VOOZH about

URL: https://phabricator.wikimedia.org/T429376

⇱ ⚓ T429376 Files exist but cannot be embedded with Parsoid


Maniphest T429376

Files exist but cannot be embedded with Parsoid
Open, Needs TriagePublicBUG REPORT

Description

Two files on Wikimedia Commons cannot be embedded in articles when using Parsoid. Purging does not fix the problem permanently.

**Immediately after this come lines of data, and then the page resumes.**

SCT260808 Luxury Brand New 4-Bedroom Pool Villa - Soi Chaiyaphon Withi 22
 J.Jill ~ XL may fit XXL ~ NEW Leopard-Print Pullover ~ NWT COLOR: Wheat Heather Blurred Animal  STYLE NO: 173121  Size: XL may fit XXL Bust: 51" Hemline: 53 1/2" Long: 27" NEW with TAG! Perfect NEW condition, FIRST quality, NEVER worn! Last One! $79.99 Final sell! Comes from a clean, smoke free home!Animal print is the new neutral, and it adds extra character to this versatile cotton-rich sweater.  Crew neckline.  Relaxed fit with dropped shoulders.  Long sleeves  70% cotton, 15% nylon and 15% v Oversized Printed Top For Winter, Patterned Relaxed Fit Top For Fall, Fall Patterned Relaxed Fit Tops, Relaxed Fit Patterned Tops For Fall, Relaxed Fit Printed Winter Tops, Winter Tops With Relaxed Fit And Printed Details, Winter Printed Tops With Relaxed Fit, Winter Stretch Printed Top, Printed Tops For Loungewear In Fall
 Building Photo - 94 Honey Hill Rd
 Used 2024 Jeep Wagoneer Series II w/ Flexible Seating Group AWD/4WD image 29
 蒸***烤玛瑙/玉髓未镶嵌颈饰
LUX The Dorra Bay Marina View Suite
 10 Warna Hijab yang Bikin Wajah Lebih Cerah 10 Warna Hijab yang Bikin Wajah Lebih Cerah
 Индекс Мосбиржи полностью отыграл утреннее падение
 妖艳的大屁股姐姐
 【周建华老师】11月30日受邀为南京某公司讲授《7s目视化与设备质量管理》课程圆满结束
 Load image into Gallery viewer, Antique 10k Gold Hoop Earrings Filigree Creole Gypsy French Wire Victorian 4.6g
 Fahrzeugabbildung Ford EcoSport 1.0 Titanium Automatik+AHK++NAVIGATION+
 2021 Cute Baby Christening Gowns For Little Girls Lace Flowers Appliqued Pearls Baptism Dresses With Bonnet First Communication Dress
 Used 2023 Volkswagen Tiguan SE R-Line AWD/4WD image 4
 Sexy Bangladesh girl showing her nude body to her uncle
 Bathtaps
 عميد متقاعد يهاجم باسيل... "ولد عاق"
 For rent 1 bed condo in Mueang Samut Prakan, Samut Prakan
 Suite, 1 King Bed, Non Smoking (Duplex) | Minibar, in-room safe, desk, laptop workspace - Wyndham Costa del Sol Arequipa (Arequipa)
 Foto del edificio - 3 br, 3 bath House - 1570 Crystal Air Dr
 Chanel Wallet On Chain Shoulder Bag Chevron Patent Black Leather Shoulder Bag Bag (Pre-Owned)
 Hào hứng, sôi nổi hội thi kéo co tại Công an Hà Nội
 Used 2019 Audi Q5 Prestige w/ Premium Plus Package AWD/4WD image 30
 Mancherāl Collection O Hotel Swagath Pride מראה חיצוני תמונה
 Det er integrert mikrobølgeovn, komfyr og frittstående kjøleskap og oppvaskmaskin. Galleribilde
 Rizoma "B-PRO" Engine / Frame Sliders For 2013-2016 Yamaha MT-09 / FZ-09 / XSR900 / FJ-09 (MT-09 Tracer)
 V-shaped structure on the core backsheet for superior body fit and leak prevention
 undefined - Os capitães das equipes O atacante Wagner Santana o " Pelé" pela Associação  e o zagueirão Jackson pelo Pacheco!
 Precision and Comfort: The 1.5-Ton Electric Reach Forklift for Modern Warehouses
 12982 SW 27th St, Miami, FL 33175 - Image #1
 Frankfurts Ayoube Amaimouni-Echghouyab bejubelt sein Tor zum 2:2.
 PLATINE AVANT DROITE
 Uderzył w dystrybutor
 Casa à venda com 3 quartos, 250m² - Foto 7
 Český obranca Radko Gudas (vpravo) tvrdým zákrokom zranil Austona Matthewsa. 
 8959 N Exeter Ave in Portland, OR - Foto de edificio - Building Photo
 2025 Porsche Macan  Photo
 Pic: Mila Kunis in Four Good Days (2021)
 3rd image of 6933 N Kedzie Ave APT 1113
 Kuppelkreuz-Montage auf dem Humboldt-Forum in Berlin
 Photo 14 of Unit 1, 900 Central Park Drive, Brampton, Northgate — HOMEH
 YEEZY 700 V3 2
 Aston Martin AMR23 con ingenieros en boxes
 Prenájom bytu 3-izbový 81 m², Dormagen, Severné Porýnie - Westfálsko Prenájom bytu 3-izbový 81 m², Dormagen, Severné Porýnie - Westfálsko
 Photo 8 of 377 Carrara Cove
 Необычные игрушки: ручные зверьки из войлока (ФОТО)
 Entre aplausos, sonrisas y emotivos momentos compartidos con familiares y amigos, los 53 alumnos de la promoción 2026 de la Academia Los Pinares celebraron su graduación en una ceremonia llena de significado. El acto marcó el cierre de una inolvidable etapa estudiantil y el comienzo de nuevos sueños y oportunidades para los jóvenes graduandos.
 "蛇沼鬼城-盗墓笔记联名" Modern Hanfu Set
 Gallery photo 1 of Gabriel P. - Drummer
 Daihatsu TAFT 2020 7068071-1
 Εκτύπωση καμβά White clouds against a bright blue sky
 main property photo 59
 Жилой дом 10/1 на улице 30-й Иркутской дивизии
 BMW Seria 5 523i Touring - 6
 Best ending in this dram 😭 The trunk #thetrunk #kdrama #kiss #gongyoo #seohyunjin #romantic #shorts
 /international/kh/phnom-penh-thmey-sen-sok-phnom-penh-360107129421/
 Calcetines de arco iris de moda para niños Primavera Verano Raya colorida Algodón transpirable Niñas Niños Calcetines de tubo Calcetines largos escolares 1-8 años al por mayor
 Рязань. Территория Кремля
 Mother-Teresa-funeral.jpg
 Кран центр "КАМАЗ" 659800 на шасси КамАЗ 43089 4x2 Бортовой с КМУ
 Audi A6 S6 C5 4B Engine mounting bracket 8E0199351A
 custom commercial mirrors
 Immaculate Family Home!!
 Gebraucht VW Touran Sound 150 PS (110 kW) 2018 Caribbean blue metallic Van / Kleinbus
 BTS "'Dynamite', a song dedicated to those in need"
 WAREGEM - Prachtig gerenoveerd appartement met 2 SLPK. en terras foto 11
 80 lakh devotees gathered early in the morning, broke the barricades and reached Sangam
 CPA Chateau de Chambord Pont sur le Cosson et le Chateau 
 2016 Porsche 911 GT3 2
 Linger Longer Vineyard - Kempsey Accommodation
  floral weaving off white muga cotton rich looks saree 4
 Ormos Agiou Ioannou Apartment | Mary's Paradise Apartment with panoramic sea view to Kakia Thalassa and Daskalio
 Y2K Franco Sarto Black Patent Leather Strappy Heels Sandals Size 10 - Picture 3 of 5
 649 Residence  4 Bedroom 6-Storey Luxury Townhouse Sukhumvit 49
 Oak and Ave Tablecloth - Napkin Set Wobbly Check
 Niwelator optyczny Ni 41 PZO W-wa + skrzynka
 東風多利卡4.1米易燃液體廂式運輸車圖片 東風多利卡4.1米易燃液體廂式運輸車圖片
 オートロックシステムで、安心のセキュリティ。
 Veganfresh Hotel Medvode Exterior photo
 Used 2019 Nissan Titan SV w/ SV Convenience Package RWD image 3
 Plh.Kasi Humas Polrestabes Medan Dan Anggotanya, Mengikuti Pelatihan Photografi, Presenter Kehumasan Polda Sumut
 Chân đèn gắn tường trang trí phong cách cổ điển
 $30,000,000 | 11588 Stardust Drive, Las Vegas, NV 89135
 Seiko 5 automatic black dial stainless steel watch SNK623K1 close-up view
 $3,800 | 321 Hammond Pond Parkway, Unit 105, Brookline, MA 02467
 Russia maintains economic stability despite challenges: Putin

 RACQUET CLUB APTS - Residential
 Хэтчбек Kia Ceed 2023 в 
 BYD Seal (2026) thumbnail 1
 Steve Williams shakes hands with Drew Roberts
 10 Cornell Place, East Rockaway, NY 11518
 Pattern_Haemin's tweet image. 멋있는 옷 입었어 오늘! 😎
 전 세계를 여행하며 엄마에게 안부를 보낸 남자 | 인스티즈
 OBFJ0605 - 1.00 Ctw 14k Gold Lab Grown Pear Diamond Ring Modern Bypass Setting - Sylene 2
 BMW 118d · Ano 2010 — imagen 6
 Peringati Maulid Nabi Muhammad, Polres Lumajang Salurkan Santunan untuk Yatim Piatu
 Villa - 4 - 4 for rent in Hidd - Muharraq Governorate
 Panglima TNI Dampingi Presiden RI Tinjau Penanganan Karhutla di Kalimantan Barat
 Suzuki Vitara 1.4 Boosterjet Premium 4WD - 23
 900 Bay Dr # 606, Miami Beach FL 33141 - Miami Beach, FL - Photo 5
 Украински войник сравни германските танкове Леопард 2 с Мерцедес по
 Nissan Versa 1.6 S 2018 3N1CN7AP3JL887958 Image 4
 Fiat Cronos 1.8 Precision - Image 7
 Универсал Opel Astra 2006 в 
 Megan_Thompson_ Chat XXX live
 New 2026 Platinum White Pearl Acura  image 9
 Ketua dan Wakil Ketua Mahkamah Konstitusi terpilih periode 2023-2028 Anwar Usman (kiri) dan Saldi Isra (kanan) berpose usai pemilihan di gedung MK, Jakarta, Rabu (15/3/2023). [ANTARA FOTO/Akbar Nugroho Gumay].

Demo of the problem: https://de.wikipedia.org/w/index.php?title=Benutzer:Kallichore/Test4&action=parsermigration-edit

What happens: The legacy Parser embeds the images, while Parsoid just shows red text with the file names inside a box. However, when the problem started 3 days ago the Legacy paser was affected as well.

Affected files:
https://commons.wikimedia.org/wiki/File:M%C3%BChlgrabenquelle.jpg
https://commons.wikimedia.org/wiki/File:M%C3%BChlgrabenm%C3%BCndung.jpg

Parsoid generates this in the article HTML:

<figure class="mw-default-size" typeof="mw:Error mw:File/Thumb" id="mwAg" data-mw='{"errors":[{"key":"apierror-filedoesnotexist","message":"This image does not exist."}]}'><a href="//de.wikipedia.org/wiki/Special:FilePath/Mühlgrabenquelle.jpg" class="new" title="Datei:Mühlgrabenquelle.jpg" id="mwAw"><span class="mw-file-element mw-broken-media" resource="./Datei:Mühlgrabenquelle.jpg" data-width="250" id="mwBA">Datei:Mühlgrabenquelle.jpg</span></a><figcaption id="mwBQ"></figcaption></figure>

Reports about this Problem:
de.wiki: https://de.wikipedia.org/wiki/Wikipedia:Fragen_zur_Wikipedia#M%C3%BChlgraben_(Aubach)
commons: https://commons.wikimedia.org/wiki/Commons:Village_pump/Technical#Files_exist_on_commons,_but_cannot_be_embedded_in_articles

Event Timeline

ssastry subscribed.
Comment Actions

I don't think this is Parsoid related. Just now, I purged both images on commons via "?action=purge", and now https://de.wikipedia.org/w/index.php?title=Benutzer:Kallichore/Test4&action=parsermigration-edit shows identical behavior for both images. I don't offhand know what the problem is, but I'll try to find someone who may know what is happening.

Comment Actions

Hmm, locally, from , I see

{
 "batchcomplete": "",
 "query": {
 "pages": {
 "-1": {
 "ns": 6,
 "title": "File:M\u00fchlgrabenquelle.jpg",
 "missing": "",
 "known": "",
 "imagerepository": "wikimediacommons",
 "imageinfo": [
 {
 "url": "https://upload.wikimedia.org/wikipedia/commons/3/34/M%C3%BChlgrabenquelle.jpg",
 "descriptionurl": "https://commons.wikimedia.org/wiki/File:M%C3%BChlgrabenquelle.jpg",
 "descriptionshorturl": "https://commons.wikimedia.org/w/index.php?curid=19091096"
 }
 ]
 }
 }
 }
}

but at https://de.wikipedia.org/w/api.php?action=query&titles=Datei:M%C3%BChlgrabenquelle.jpg&prop=imageinfo&iiprop=url the response is

{
 "batchcomplete": "",
 "query": {
 "pages": {
 "-1": {
 "ns": 6,
 "title": "Datei:M\u00fchlgrabenquelle.jpg",
 "missing": "",
 "imagerepository": ""
 }
 }
 }
}
Comment Actions

Working fine now. The file was uploaded fifteen years ago, and there is no indication it has been moved or deleted recently (or at all).
No upload log either, which is weird, but maybe we did not have that yet in 2012?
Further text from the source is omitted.